Would you retype exactly the lines below, starting with the one that has "3д, графика, фантазия, , fantasy, фон, взгляд, девушки" and going on through the one that has "Moves! Big facetype", with no pictures and nothing else?

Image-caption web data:

-------

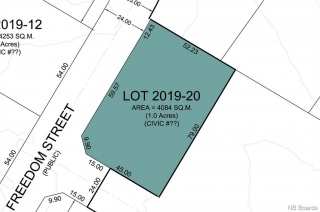 Lot 2019-20 Freedom Street, Killarney Road New Brunswick, Canada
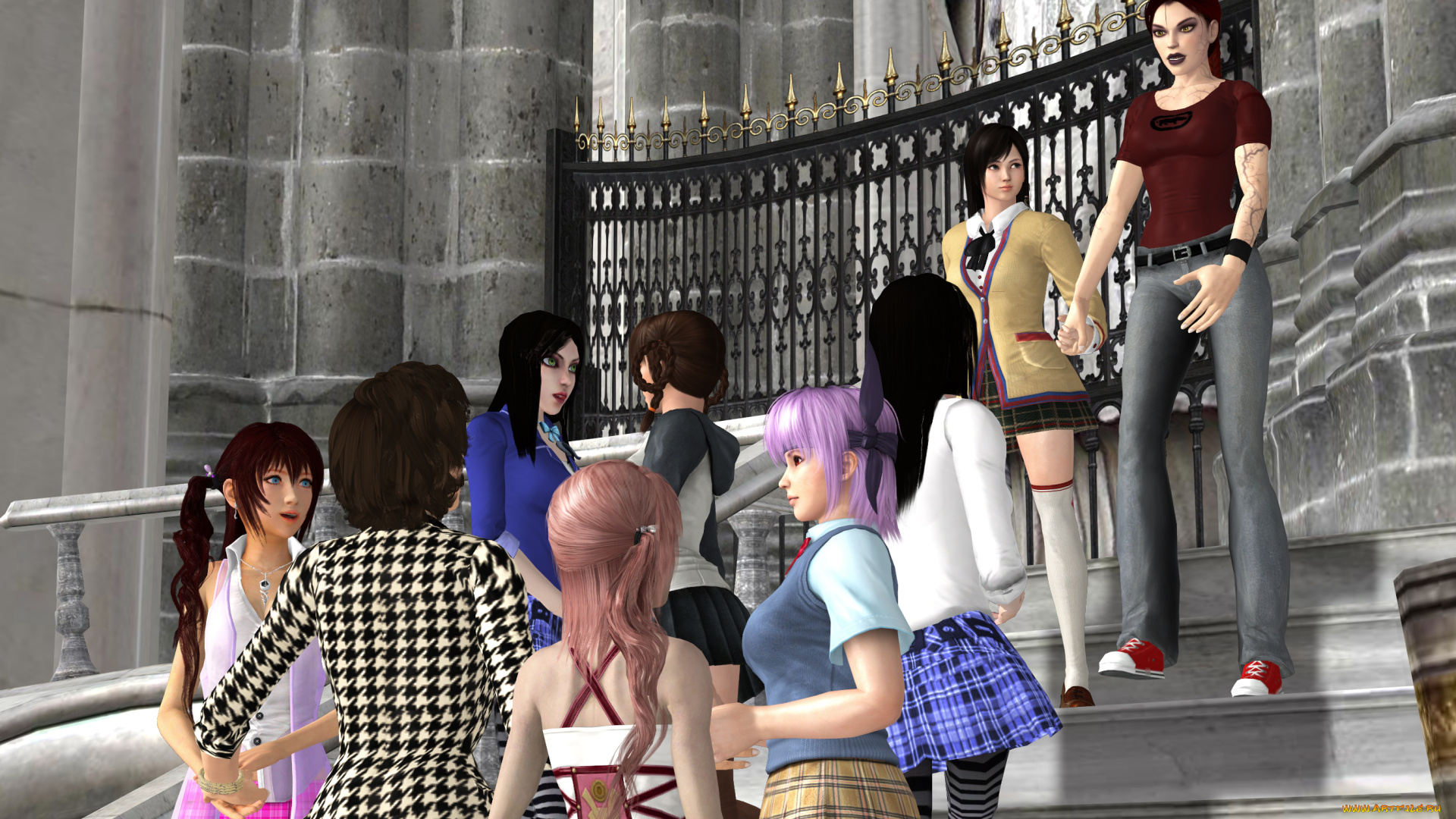 3д, графика, фантазия, , fantasy, фон, взгляд, девушки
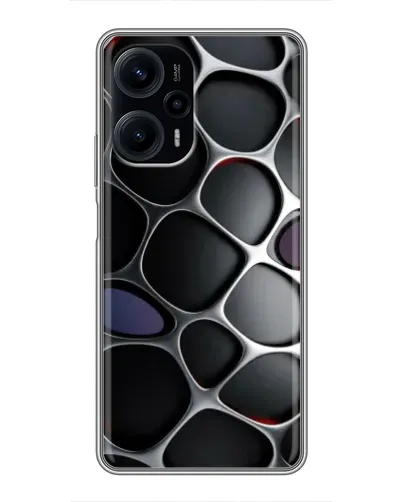 Чехол для Xiaomi POCO F5 с картинкой «Объемная темная решетка» Чехол для Xiaomi POCO F5 с картинкой «Объемная темная решетка»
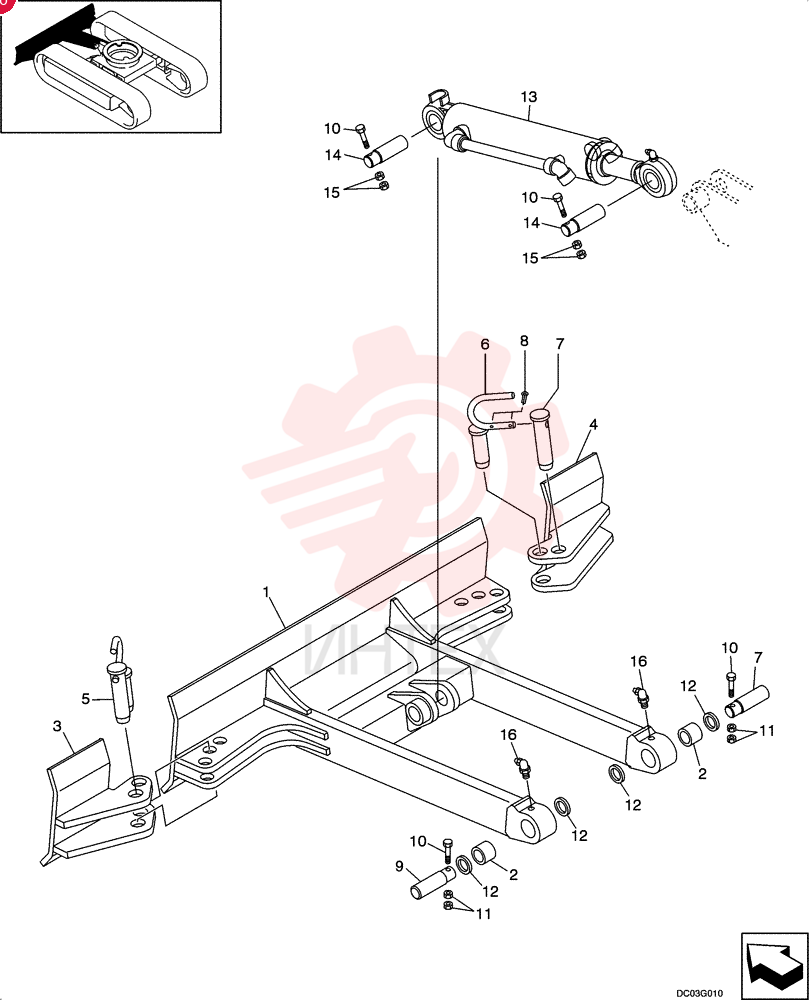 DOZER PE51B00017F1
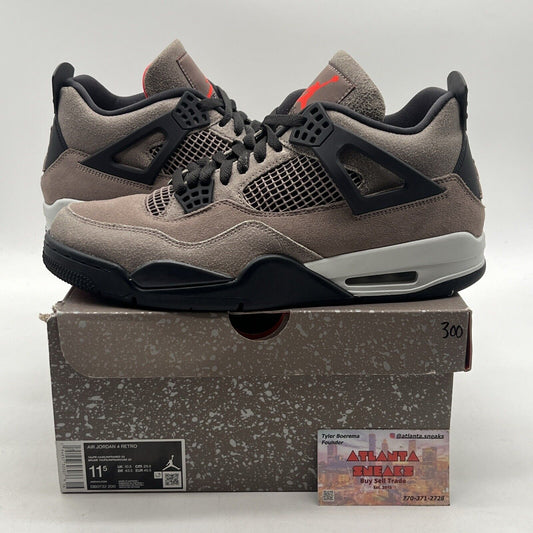 Size 11.5 - Jordan 4 Retro Mid Taupe Haze Black Red (DB0732-200)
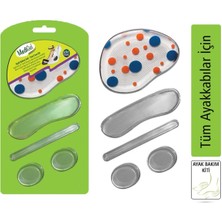 Özgürce Yumuşak Jel Bakım Seti, Ayak ve Çanta Destek, Nasır Koruma, Şok Emici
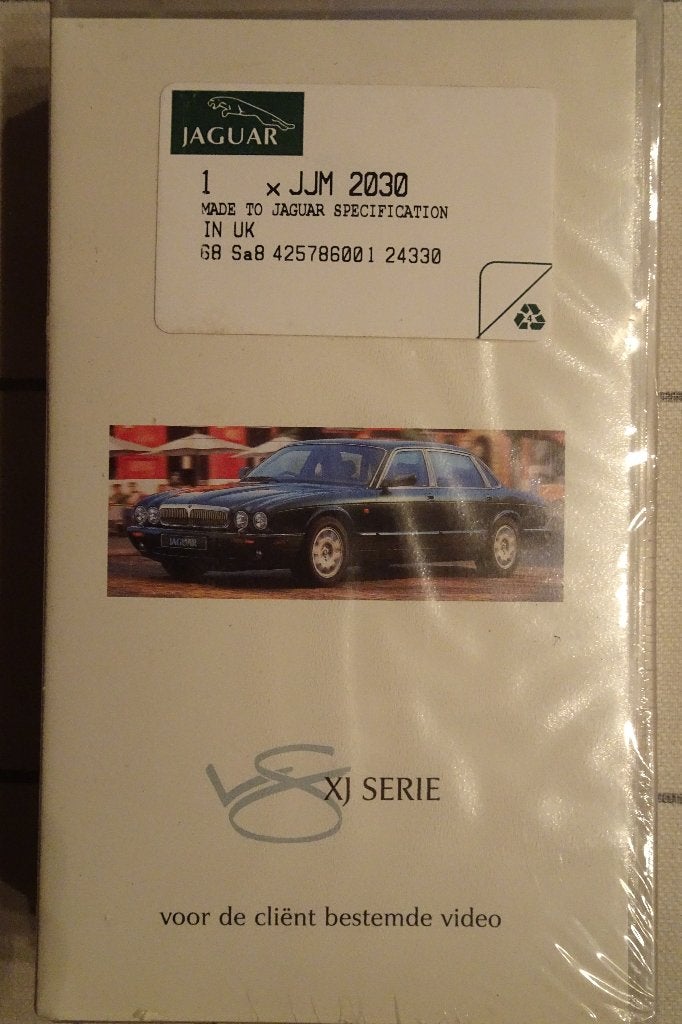 Instructie videoband Jaguar XJ V8 serie, Ophalen of Verzenden, Nieuw, Overige merken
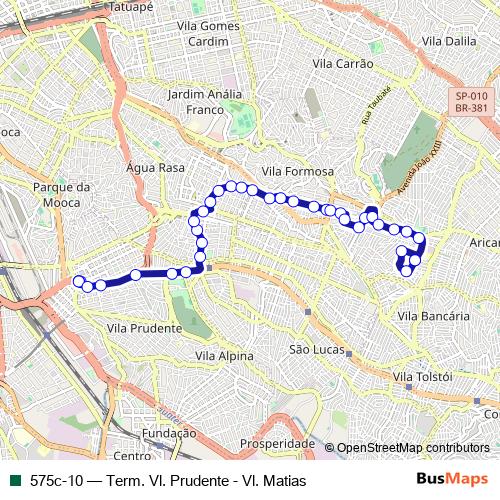 575c-10 bus Line Map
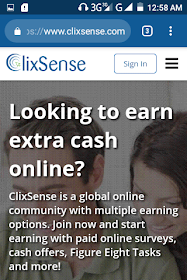 Comment faire de l'argent en ligne clicksense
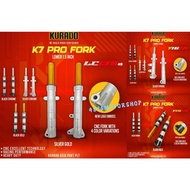 ( K7 ) KURADO LOWERED 1.5 INCHI FORK LAY Y15 Y16 V1 V2 LC135 4S V1 V2 V3 V4 V5 V6 V7 V8 FI LCV8 FI F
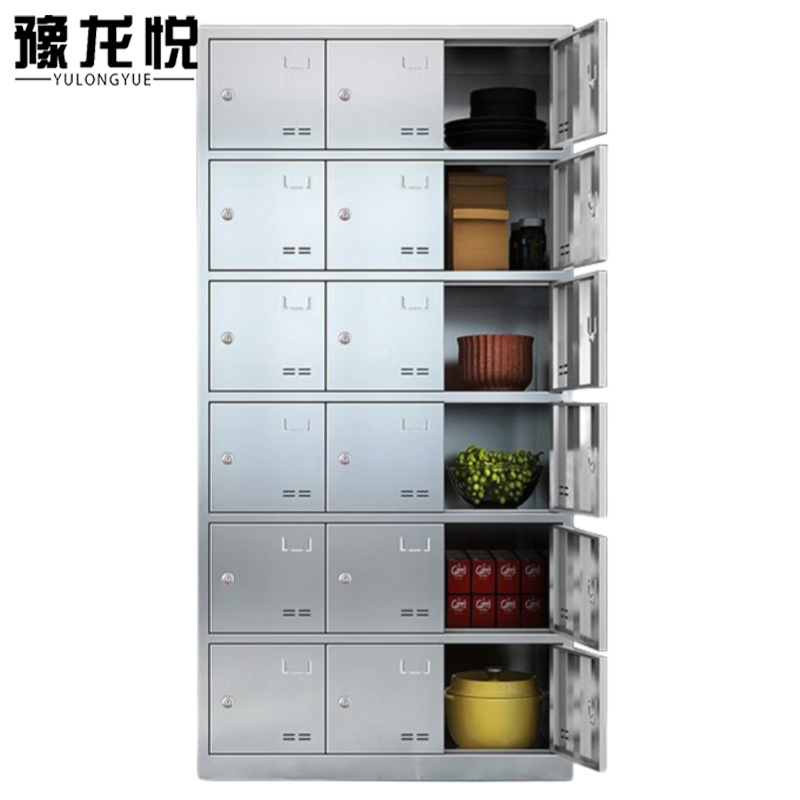 豫龙悦不锈钢碗柜 18门900*350*1800mm(304)台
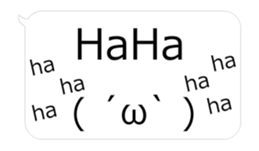 Moves! Big facetype Sticker hukidashi_EN sticker #15929488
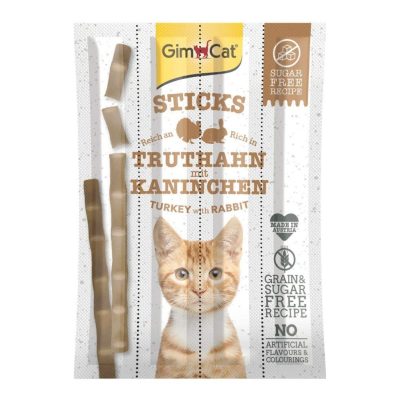 Gimcat Sticks Turkey & Rabbit 4 Pcs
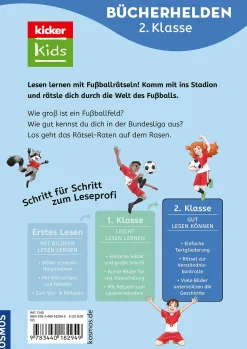 kicker Kids, Lesen lernen mit Fußballrätseln,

-------

Answer for the task:
 3д, графика, фантазия, , fantasy, фон, взгляд, девушки
 Чехол для Xiaomi POCO F5 с картинкой «Объемная темная решетка» Чехол для Xiaomi POCO F5 с картинкой «Объемная темная решетка»
 DOZER PE51B00017F1
 Size 11.5 - Jordan 4 Retro Mid Taupe Haze Black Red (DB0732-200)
 Özgürce Yumuşak Jel Bakım Seti, Ayak ve Çanta Destek, Nasır Koruma, Şok Emici
 Instructie videoband Jaguar XJ V8 serie, Ophalen of Verzenden, Nieuw, Overige merken
 575c-10 bus Line Map
 Comment faire de l'argent en ligne clicksense
 ( K7 ) KURADO LOWERED 1.5 INCHI FORK LAY Y15 Y16 V1 V2 LC135 4S V1 V2 V3 V4 V5 V6 V7 V8 FI LCV8 FI F
 豫龙悦不锈钢碗柜 18门900*350*1800mm(304)台
 Moves! Big facetype Sticker hukidashi_EN sticker #15929488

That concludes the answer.